Other diagnostic features include the forward position of the gut opening in the brain and the arrangement of optic centers outside and inside the brain supplied by two pairs of eyes, just like in horseshoe crabs.
Horseshoe crabs survive as "living fossils" to this day, as residents near the Great Lakes know from the annual swarms. This fossil resembles modern chelicerates, one of the largest subphyla of arthropods, including horseshoe crabs, scorpions, spiders, mites, harvestmen, and ticks. Live Science adds, "The discovery of a fossilized brain in the preserved remains of an extinct 'mega-clawed' creature has revealed an ancient nervous system that is remarkably similar to that of modern-day spiders and scorpions."
Since crustaceans and chelicerates have both been found in the early Cambrian, Darwinian evolutionists are forced to postulate an unknown ancestor further back in time: "They had to come from somewhere," Strausfeld remarks. "Now the search is on." That sounds like the same challenge Charles Darwin gave fossil hunters 154 years ago to find the ancestors of the Cambrian animals.
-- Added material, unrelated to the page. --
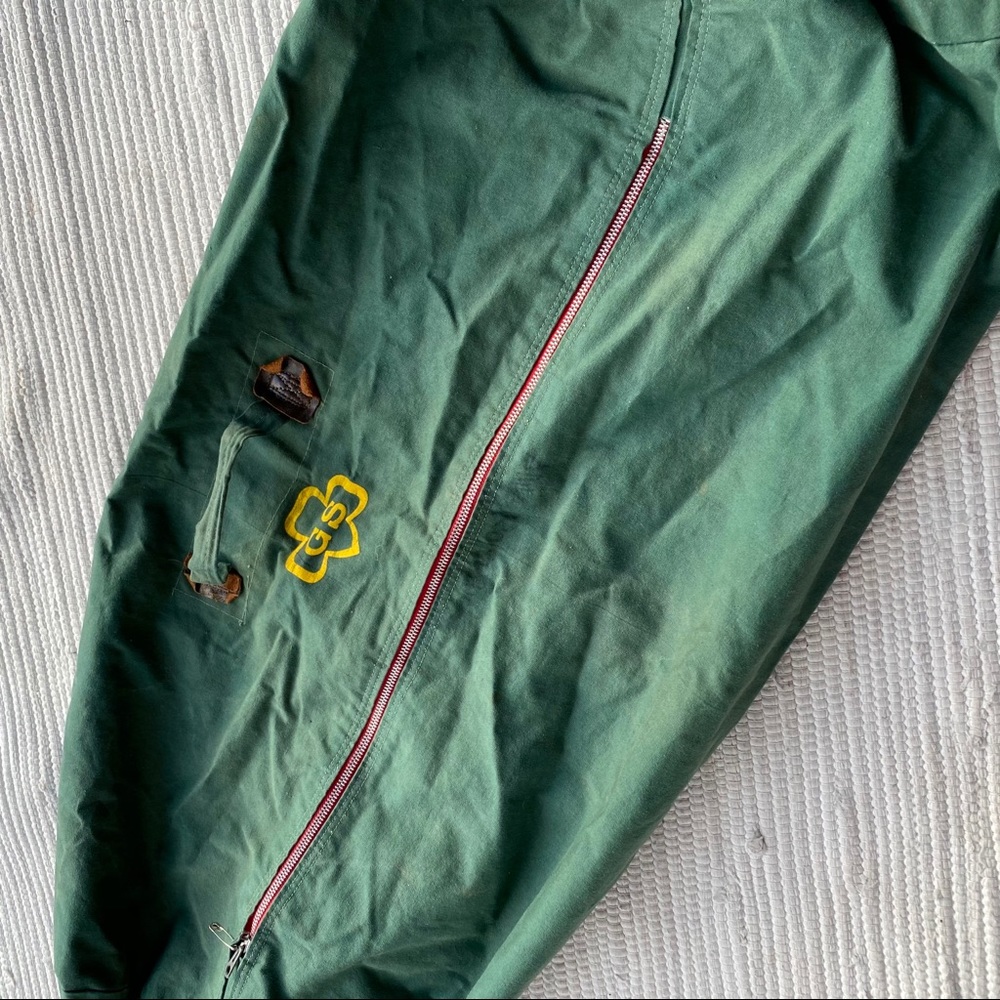 Girl Scouts Vintage Army Green Travel Duffel Bag with Red Zipper and Yellow Logo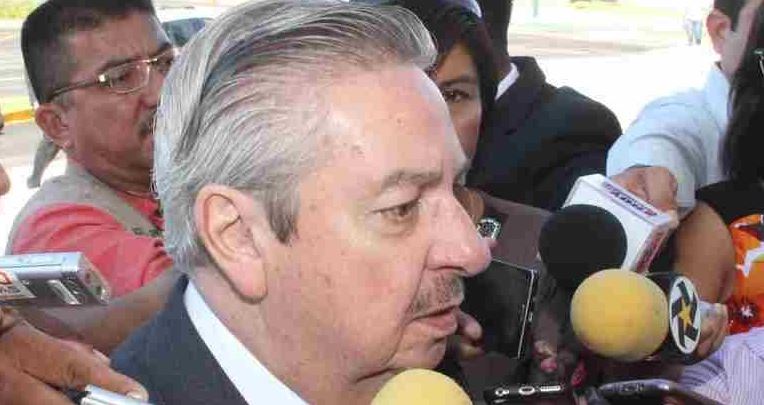 Reconoce Rector de la UAT el trabajo de Egidio Torre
The difficulty? It requires many different tissue types and interconnected systems to operate a complex animal like Alalcomenaeus, with its body segments, eyes, claws, mouth parts, gut and nervous system with a brain, to say nothing of coordinating the developmental programs that build these systems from a single cell. That is the major problem that Stephen Meyer emphasizes in Darwin's Doubt: where does the information come from to build complex body plans with hierarchical levels of organization?
Slamming a space rock at the Earth is hardly a plausible source of information. Meyer has been answering in detail the most serious and scholarly critique of his book, by Charles Marshall, refuting Marshall's criticisms point by point. Meanwhile the proposed alternative explanations for the Cambrian event keep coming, bearing increasingly the marks of desperation.